Correspondance de Voltaire/1760/Lettre 4315

Correspondance : année 1760
Garnier (Œuvres complètes de Voltaire, tome 41p. 40-41).

4315. — À M. HELVÉTIUS.
27 octobre.

Je ne sais où vous prendre, mon cher philosophe ; votre lettre n’était ni datée, ni signée d’un H ; car encore faut-il une petite marque dans la multiplicité des lettres qu’on reçoit. Je vous ai reconnu à votre esprit, à votre goût, à l’amitié que vous me témoignez.

J’ai été très-touché du danger où vous me mandez que votre très-aimable et respectable femme a été, et je vous supplie de lui dire combien je m’intéresse à elle.

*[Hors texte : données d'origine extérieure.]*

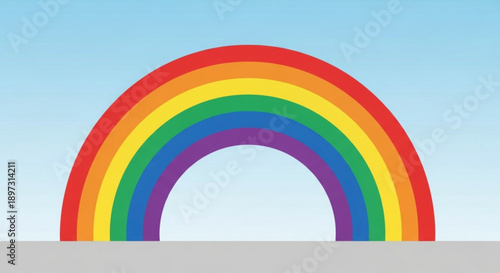 Vibrant rainbow arc against a serene light blue sky background with a grey surface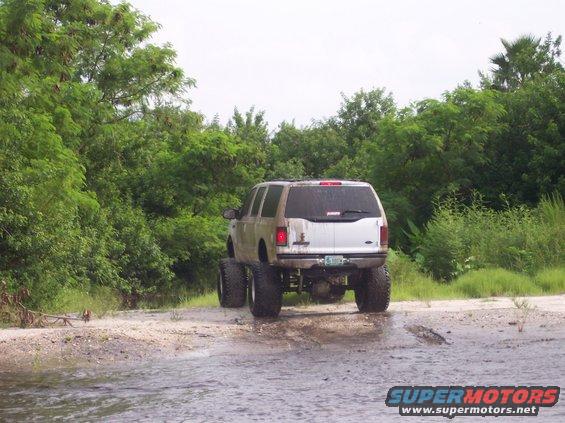 Lifted 2000 Ford Excursion with large tires driving through shallow water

Oh bien ! je ne suis pas comme Fontenelle, car j’ai le cœur sensible, et je ne suis point jaloux, et, de plus, je suis hardi et ferme ; et si l’insolent frère Le Tellier m’avait persécuté comme il voulut persécuter ce timide philosophe, j’aurais traité Le Tellier comme Berthier. Croiriez-vous que le fils d’Omer Fleury est venu coucher chez moi, et que je lui ai donné la comédie ? Il est vrai que la fête n’était pas pour lui ; mais il en a profité aussi bien que son oncle, l’intendant de Bourgogne, lequel vaut mieux qu’Omer. J’ai reçu le fils de notre ennemi avec beaucoup de dignité, et je l’ai exhorté à n’être jamais l’avocat général de Chaumeix.

Mon cher philosophe, on aura beau faire : quand une fois une nation se met à penser, il est impossible de l’en empêcher. Ce siècle commence à être le triomphe de la raison ; les jésuites, les jansénistes, les hypocrites de robe, les hypocrites de cour, auront beau crier, ils ne trouveront dans les honnêtes gens qu’horreur et mépris. C’est l’intérêt du roi que le nombre des philosophes augmente, et que celui des fanatiques diminue. Nous sommes tranquilles, et tous ces gens-là sont des perturbateurs : nous sommes citoyens, et ils sont séditieux ; nous cultivons la raison en paix, et ils la persécutent ; ils pourront faire brûler quelques bons livres, mais nous les écraserons dans la société, nous les réduirons à être sans crédit dans la bonne compagnie ; et c’est la bonne compagnie seule qui gouverne les opinions des hommes. Frère Elisée[1] dirigera quelques badaudes, frère Menoux quelques sottes de Nancy ; il y aura encore quelques convulsionnaires au cinquième étage ; mais les bons serviteurs de la raison et du roi triompheront à Paris, à Voré[2], et même aux Délices.

On envoya à Paris, il y a deux mois, des ballots de l’Histoire de Pierre le Grand ; Robin devait avoir l’honneur de vous en présenter un, à M. Saurin un autre. J’apprends qu’on a soigneusement gardé les ballots à la chambre nommée syndicale, jusqu’à ce qu’on eût contrefait le livre à Paris : grand bien leur fasse ! Je vous embrasse, vous aime, vous estime, vous exhorte à rassembler les honnêtes gens, et à faire trembler les sots.

V., qui attend H.

  1. J.-Fr. Copel, connu sous le nom de P. Élisée, né à Besançon en 1726.